[Items from a dataset]
☆ ☆ ☆
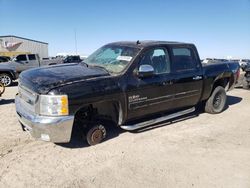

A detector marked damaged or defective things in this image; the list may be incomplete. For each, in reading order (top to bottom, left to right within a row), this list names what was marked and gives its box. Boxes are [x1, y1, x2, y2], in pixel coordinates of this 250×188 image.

dented hood [19, 62, 109, 93]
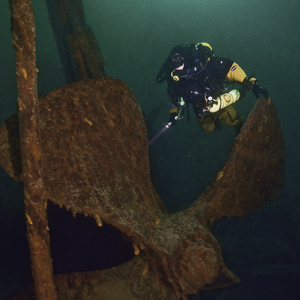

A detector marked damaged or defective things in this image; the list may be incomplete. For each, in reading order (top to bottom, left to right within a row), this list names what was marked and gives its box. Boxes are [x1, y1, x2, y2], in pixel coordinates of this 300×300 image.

corroded metal surface [9, 0, 57, 298]
corroded metal surface [0, 78, 284, 300]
☆ ☆ ☆
▶ **Aim of the task**
The lines to output run from the one containing "this 300×300 image." through the last line of the records above; repeat them exactly and nothing more.

▶ **Solution to this problem**
A detector marked damaged or defective things in this image; the list may be incomplete. For each, in reading order (top to bottom, left to right within a row), this list names what was marked and gives its box. Boxes are [x1, y1, x2, y2], in pixel coordinates of this 300×300 image.

corroded metal surface [9, 0, 57, 298]
corroded metal surface [0, 78, 284, 300]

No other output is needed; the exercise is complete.